Repeat the data exactly, so that every line matches the original.

-- Provided records follows --

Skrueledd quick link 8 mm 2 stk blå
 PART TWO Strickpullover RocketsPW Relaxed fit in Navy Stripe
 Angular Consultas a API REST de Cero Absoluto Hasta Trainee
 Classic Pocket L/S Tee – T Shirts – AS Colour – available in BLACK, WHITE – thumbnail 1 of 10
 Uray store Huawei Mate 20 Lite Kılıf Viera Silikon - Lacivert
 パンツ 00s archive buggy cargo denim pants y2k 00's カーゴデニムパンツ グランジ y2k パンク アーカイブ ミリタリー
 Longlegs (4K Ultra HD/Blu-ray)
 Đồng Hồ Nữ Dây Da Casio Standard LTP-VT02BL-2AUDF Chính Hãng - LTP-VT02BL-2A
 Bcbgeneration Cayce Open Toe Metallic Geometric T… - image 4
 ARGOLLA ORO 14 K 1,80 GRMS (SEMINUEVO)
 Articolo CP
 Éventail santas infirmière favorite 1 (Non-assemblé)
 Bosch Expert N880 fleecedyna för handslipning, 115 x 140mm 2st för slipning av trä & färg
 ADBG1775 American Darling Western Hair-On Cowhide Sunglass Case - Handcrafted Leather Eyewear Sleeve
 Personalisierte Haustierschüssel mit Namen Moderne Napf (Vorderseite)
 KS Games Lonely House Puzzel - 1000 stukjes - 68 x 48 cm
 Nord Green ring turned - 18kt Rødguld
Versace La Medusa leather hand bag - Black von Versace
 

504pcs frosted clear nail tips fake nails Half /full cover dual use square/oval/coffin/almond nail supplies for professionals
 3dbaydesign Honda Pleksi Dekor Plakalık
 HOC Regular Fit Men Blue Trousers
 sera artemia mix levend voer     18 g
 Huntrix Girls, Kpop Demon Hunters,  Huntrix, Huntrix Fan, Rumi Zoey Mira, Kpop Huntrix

-- Provided records concluded --

* Solution to the exercise:
Skrueledd quick link 8 mm 2 stk blå
 PART TWO Strickpullover RocketsPW Relaxed fit in Navy Stripe
 Angular Consultas a API REST de Cero Absoluto Hasta Trainee
 Classic Pocket L/S Tee – T Shirts – AS Colour – available in BLACK, WHITE – thumbnail 1 of 10
 Uray store Huawei Mate 20 Lite Kılıf Viera Silikon - Lacivert
 パンツ 00s archive buggy cargo denim pants y2k 00's カーゴデニムパンツ グランジ y2k パンク アーカイブ ミリタリー
 Longlegs (4K Ultra HD/Blu-ray)
 Đồng Hồ Nữ Dây Da Casio Standard LTP-VT02BL-2AUDF Chính Hãng - LTP-VT02BL-2A
 Bcbgeneration Cayce Open Toe Metallic Geometric T… - image 4
 ARGOLLA ORO 14 K 1,80 GRMS (SEMINUEVO)
 Articolo CP
 Éventail santas infirmière favorite 1 (Non-assemblé)
 Bosch Expert N880 fleecedyna för handslipning, 115 x 140mm 2st för slipning av trä & färg
 ADBG1775 American Darling Western Hair-On Cowhide Sunglass Case - Handcrafted Leather Eyewear Sleeve
 Personalisierte Haustierschüssel mit Namen Moderne Napf (Vorderseite)
 KS Games Lonely House Puzzel - 1000 stukjes - 68 x 48 cm
 Nord Green ring turned - 18kt Rødguld
Versace La Medusa leather hand bag - Black von Versace
 

504pcs frosted clear nail tips fake nails Half /full cover dual use square/oval/coffin/almond nail supplies for professionals
 3dbaydesign Honda Pleksi Dekor Plakalık
 HOC Regular Fit Men Blue Trousers
 sera artemia mix levend voer     18 g
 Huntrix Girls, Kpop Demon Hunters,  Huntrix, Huntrix Fan, Rumi Zoey Mira, Kpop Huntrix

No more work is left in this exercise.